_What to do_
Only the lines from the one holding "And very important, the" through the end of the material are to be repeated, exactly and without pictures.

*** Opening of Data extracts ***

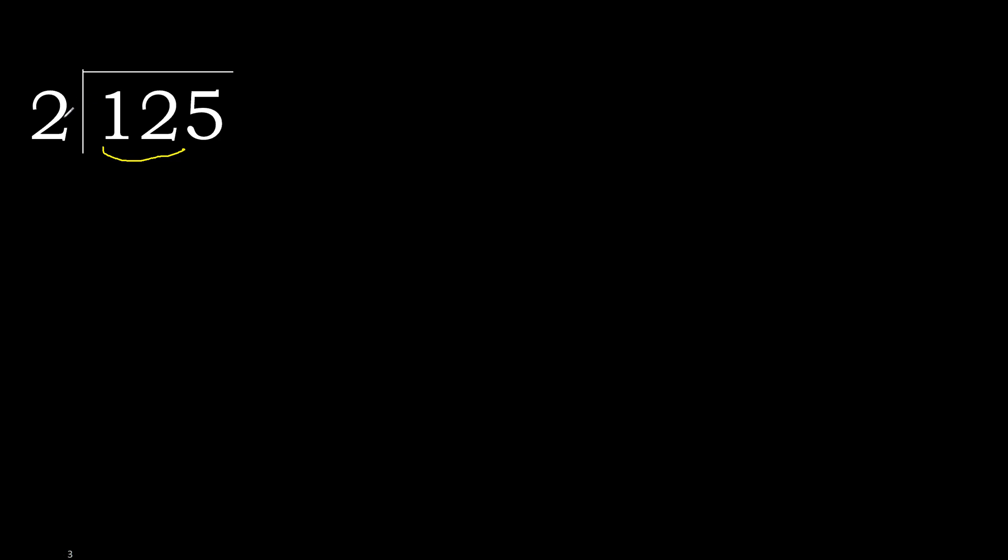Therefore with 12, 2 multiplied by which number is nearest to 12 but not greater? 2 multiplied by 7, 14. 14 is greater. Multiply by 6 is 12, it is not greater.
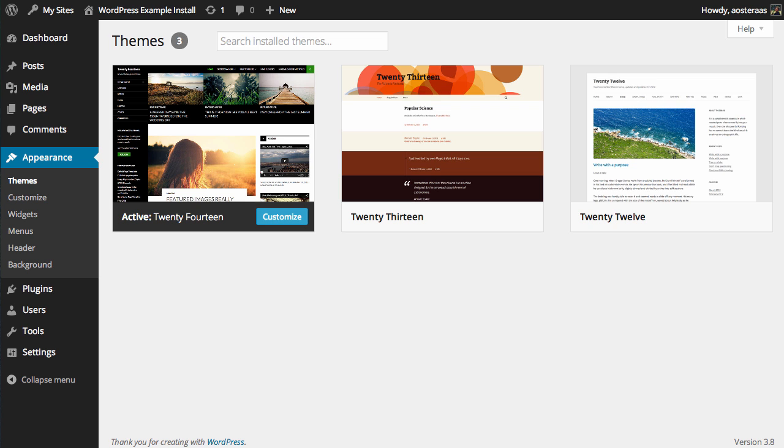Then go back into this where it says theme. If we refresh the page, we can now see that all three themes are enabled for us to use. And it's exactly the same for plugins as well. Everything needs to be network activated. If you wish to manage plugins on a site-by-site basis, then there are plugins that exist to actually change that behavior as well.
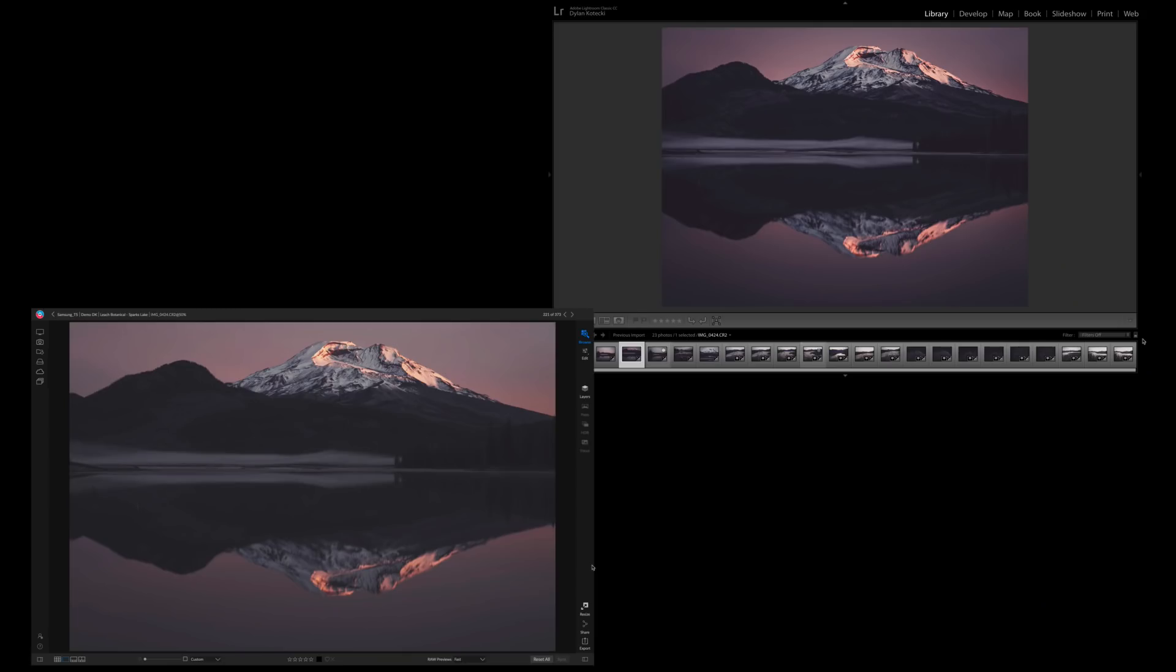Now if we compare our Lightroom photo with our On1 photo, you can see that it kept the same look we had in Lightroom without modifying the original photo file.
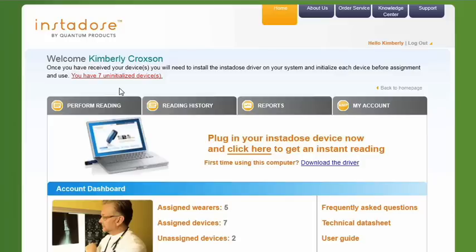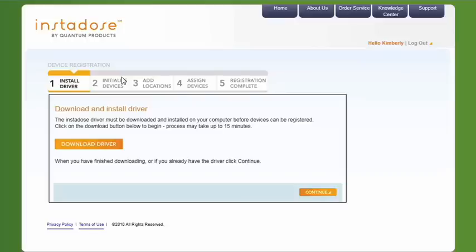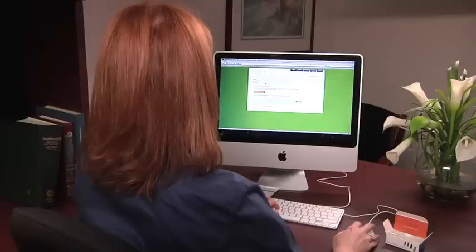Click on You Have Uninitialized Devices. This will launch the Device Registration Wizard, which will guide you through the registration and initialization process. First, download the driver onto your system. The driver contains our proprietary algorithm that calculates the dose stored on the dosimeter.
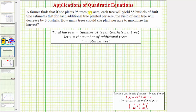A farmer finds that if she plants 95 trees per acre, each tree will yield 55 bushels of fruit. She estimates that for each additional tree planted per acre, the yield of each tree will decrease by three bushels. How many trees should she plant per acre to maximize her harvest?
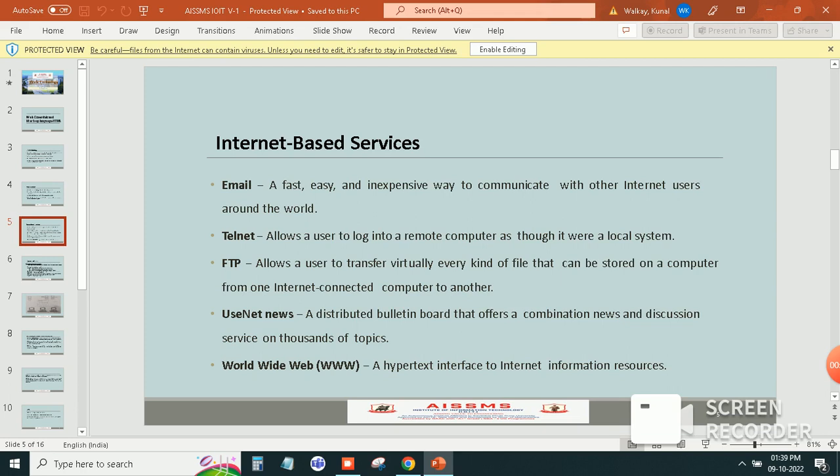And very important, the World Wide Web is WWW. A hypertext interface to internet information resources.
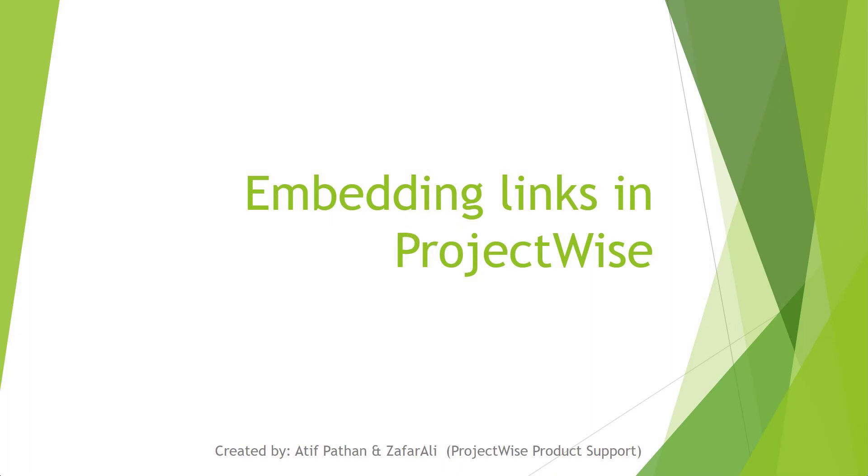Hello everyone. Thank you for making up to this call. I'm Mahatav and I have along with me my colleague Zafar Ali, and we belong to the ProjectWise product support team.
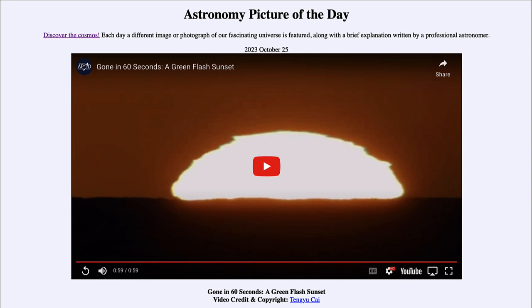When you have a lot of turbulence and you look through a lot of atmosphere — as you do looking close to the horizon — the different layers will refract colors differently, so it acts like a big prism. You will see some of the greens and blues present here, and in fact we'll see a little bit of that hovering above the horizon even after the sun is fully set.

*** Close of Data extracts ***

_Task response_
And very important, the World Wide Web is WWW. A hypertext interface to internet information resources.
Hello everyone. Thank you for making up to this call. I'm Mahatav and I have along with me my colleague Zafar Ali, and we belong to the ProjectWise product support team.
When you have a lot of turbulence and you look through a lot of atmosphere — as you do looking close to the horizon — the different layers will refract colors differently, so it acts like a big prism. You will see some of the greens and blues present here, and in fact we'll see a little bit of that hovering above the horizon even after the sun is fully set.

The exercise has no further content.